As for this situation rising to the level of a national threat, Gibson quotes (retired U.S. Army) Brigadier General John Adams. Regarding our reliance on China for drugs and critical ingredients, Adams says we should seriously consider the possibility of a “large scale attack” by a hostile foreign government. “It would cause complete disruption to American society and to our national security. If an enemy releases anthrax, and they control the antidote, the prospect sends chills up my spine.”

And that brings us back to President Trump.

The Trump Threat

Some of you may see the president as a threat himself; be that as it may.

Perhaps more than any president in history, Trump views China as a direct and imminent adversary. He palpably senses the danger emanating from China, businesswise and economically first, and then from the larger perspective of national security. The majority of U.S. citizens agree. According to a recent poll by SurveyMonkey/Axios, “62% of Americans are concerned by China's economic power, 51% by China's technological advancement.”

As big as any threat from China is the one to our drug supply, because of the sheer amount of outsourcing we do to China. Yet the biopharma industry remains mute on the subject. So while Trump battles China, more of the R&D, development and manufacturing of our medicines is outsourced to China.

Missed Opportunity?

An early opportunity for our industry to work directly with the president was lost when Merck’s CEO, Kenneth C. Frazier, abruptly quit Trump’s business advisory council. This precipitated the leaving of other CEOs, leading to the disbandment of  a number of councils. Frazier objected to the way Trump characterized a domestic and racially charged situation.  

Yet wouldn’t it have been better for Frazier, and other CEOs, to strongly criticize the president as they thought fit – as advisory council members – and wholeheartedly try to get the president to understand their points of view as his close confidants?

photo credit: www.zerohedge.com

Frazier might have progressed to advising the president on issues like China, perhaps focused squarely on IP protections and improving manufacturing opportunities in the U.S. Trump certainly could have benefited from the opinions of those business leaders who were sitting around the now nonexistent advisory tables.
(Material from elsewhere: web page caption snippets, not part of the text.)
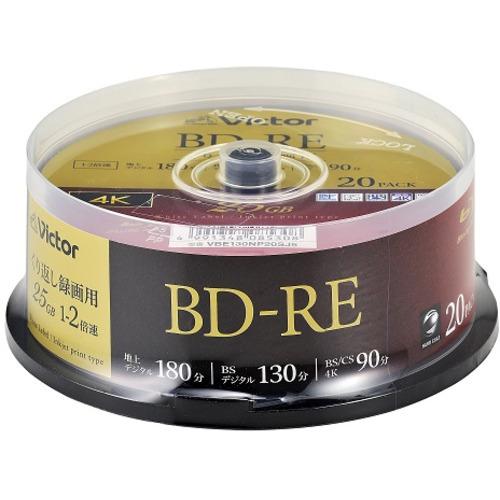 VBE130NP20SJ5 [BD-RE 2{ 20g]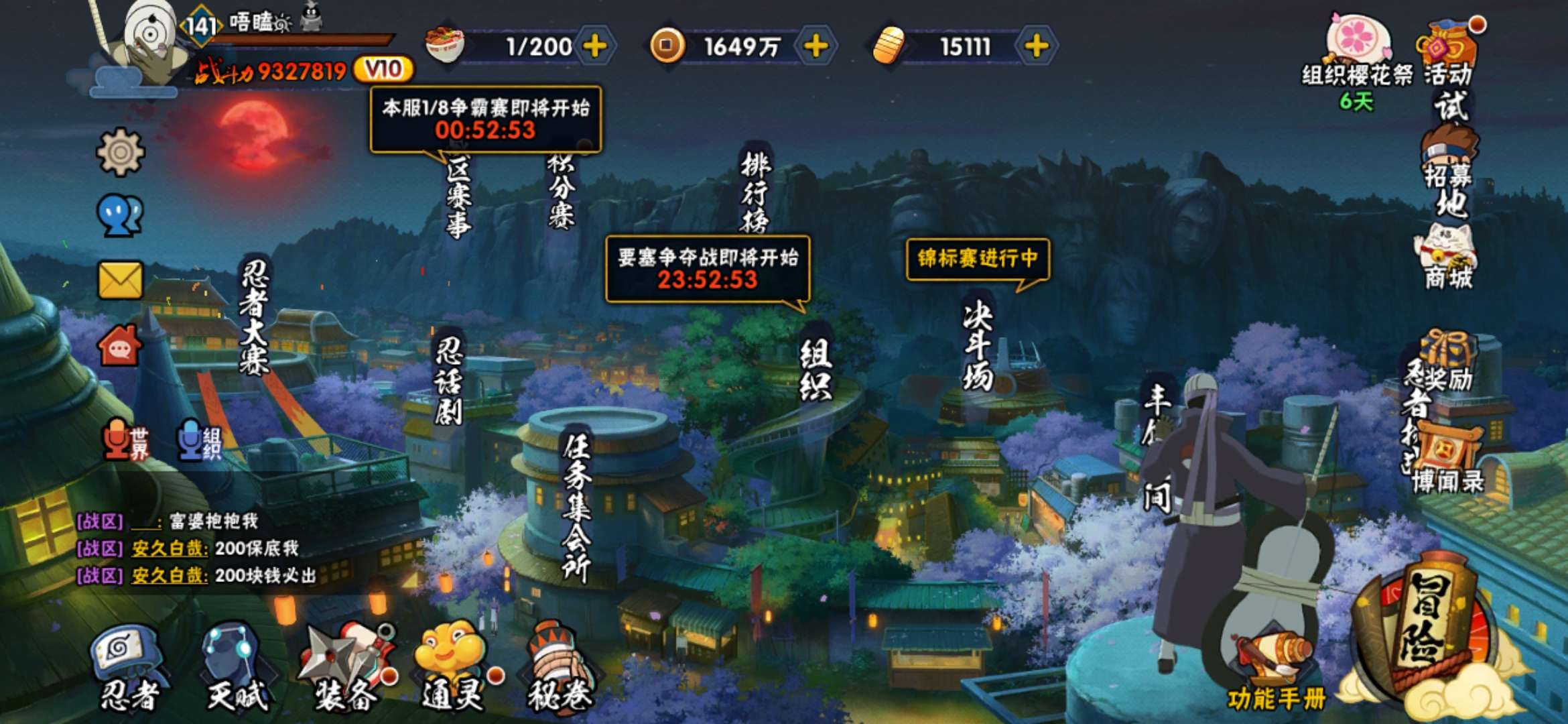 火影忍者租号
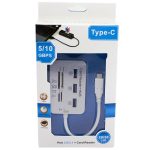 هاب دی نت کمبو مدل B07R98V9WN USB3.0/3.1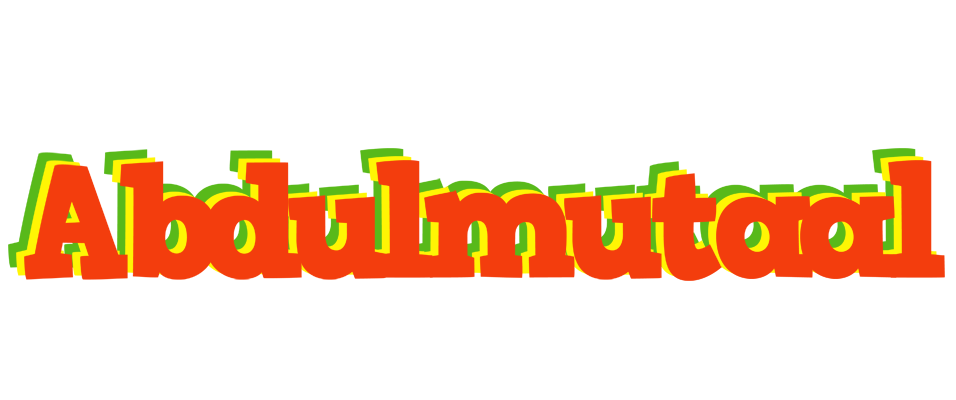 Abdulmutaal bbq logo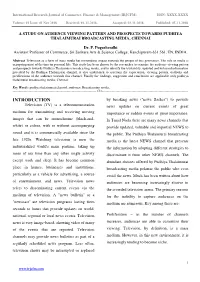 Introduction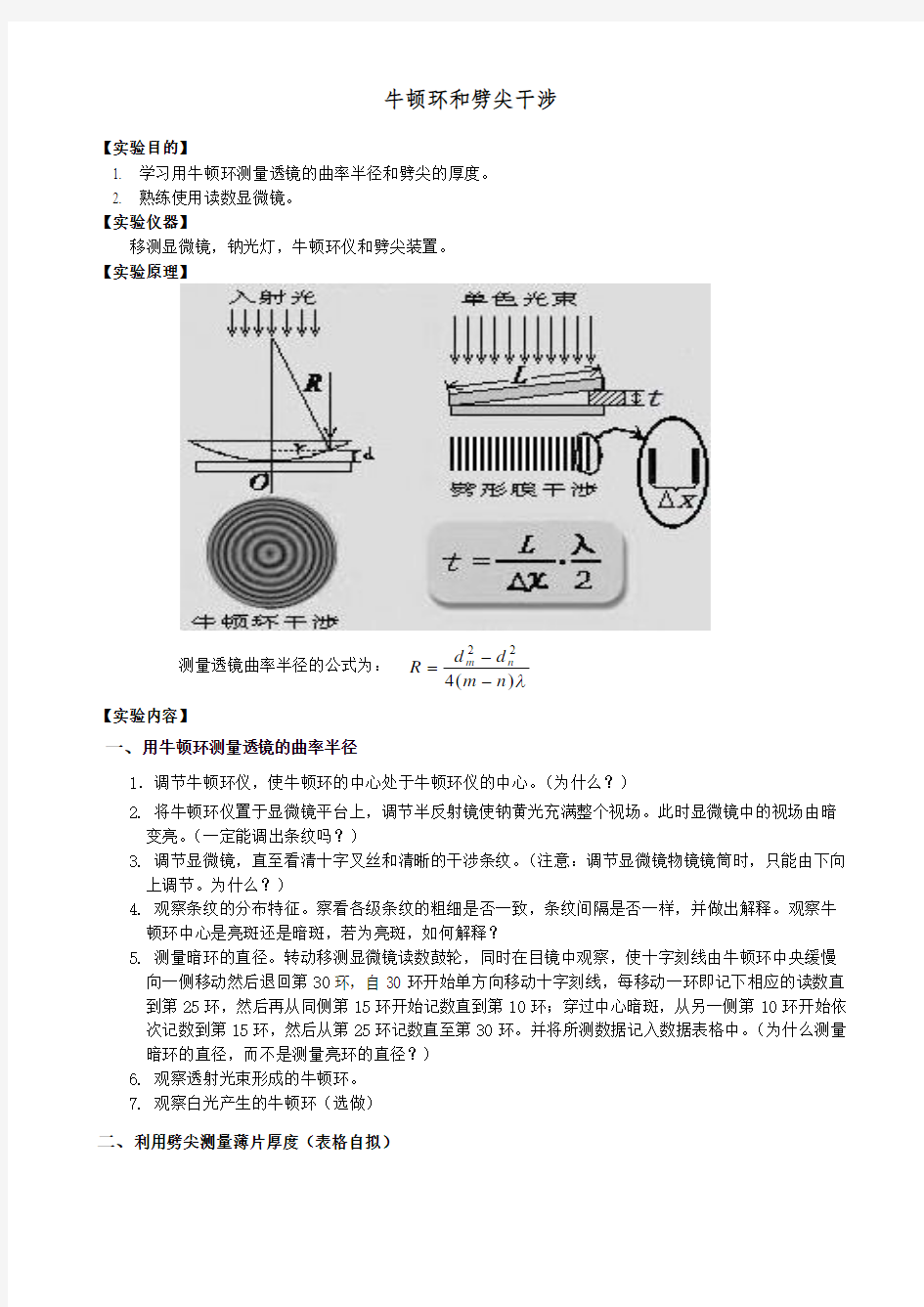 牛顿环和劈尖干涉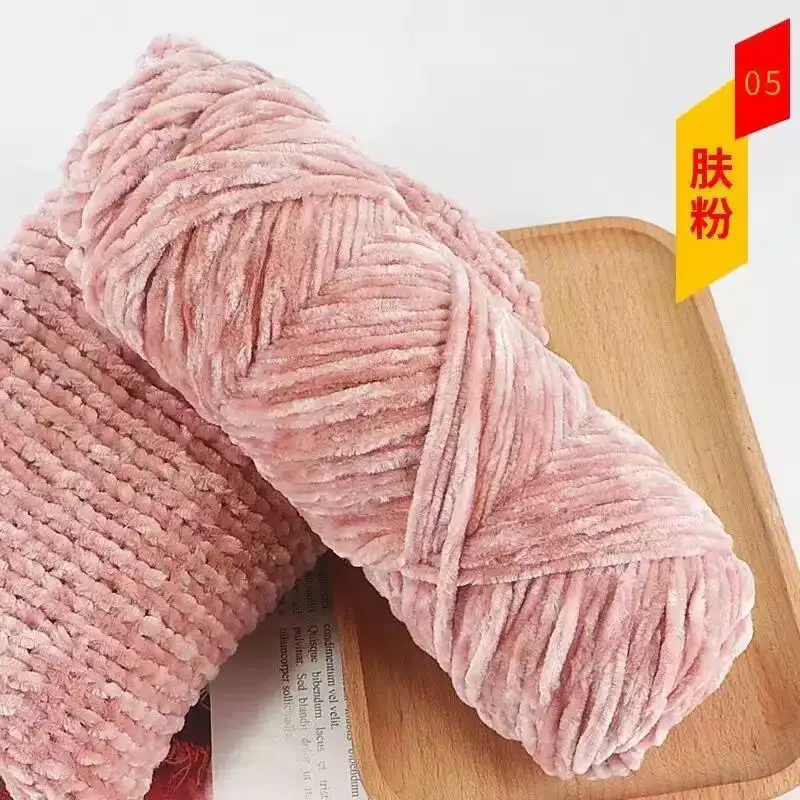 China Yarn for Crop Top,Ladies Vest (Sweater),Men’s Vest (Sweater),Crop Top Pullover (Sweater) Shiny Chenille Fancy Yarn Polyester BLACK ONYX color buy from China wholesaler bulk order at wholesale price free worldwide shipping Alibaba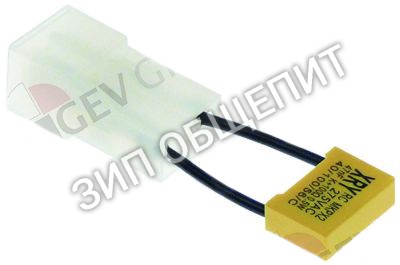 Фильтр подавления помех 085601 Electrolux, XRY RC MKPX2 для  C150A, C15OW, C300A, C300W, C80A, C80W, CB1565A, CB1565W, CB246A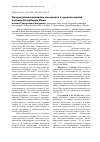 Научная статья на тему 'Интродукция актинидии коломикта в среднетаежной подзоне Республики Коми'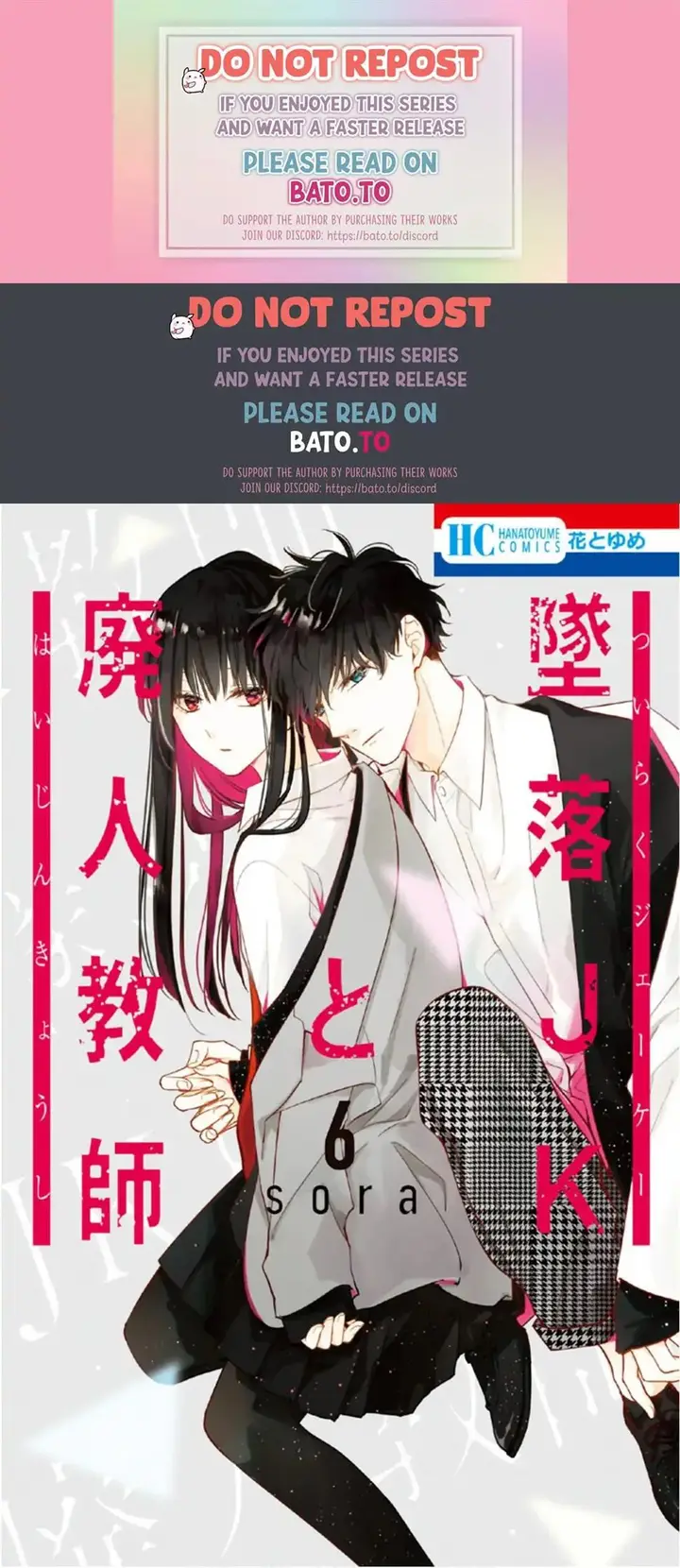 image-komik-tsuiraku-jk-to-haijin-kyoushi-chapter-33-0/27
Maybe we’d have had a less tariff-centered approach …

There’s a final, crucial point here, one I believe Trump knows well, and in “China Rx,” Gibson brings out concisely.

Those U.S. companies who think working with China on China’s terms is going to have a long-run benefit, might want to think again.  

Establishing facilities in China (as demanded by the government) – or outsourcing to development and manufacturing facilities there – purportedly for the future opportunity to sell into the Chinese market may be a fool’s errand.

Gibson quotes a source at the U.S. Chamber of Commerce: “The belief by foreign companies that large financial investments, the sharing of expertise, and significant technology transfers would lead to an ever-opening China market is being replaced by boardroom banter that win-win in China means China wins twice … Western drug makers are already being cut out of big deals [for the sale of drugs domestically in China].”

That is, U.S. pharma jobs and technology gets offshored to China, and subsequently these Chinese operations undersell and displace “anything left in the U.S., and puts the U.S. consumer under the control of Chinese concerns.”

Consider the  “Made in China 2025” initiative: It targets the pharmaceutical industry, is a "real existential threat to U.S. technological leadership," according to The Council on Foreign Relations, and is a blueprint for transforming the country into a global high-end manufacturing powerhouse in time for the hundredth anniversary of the founding of the People’s Republic of China in 2049.

If our drug-supply reliance on China does not change, U.S. patients may be forced to celebrate as well.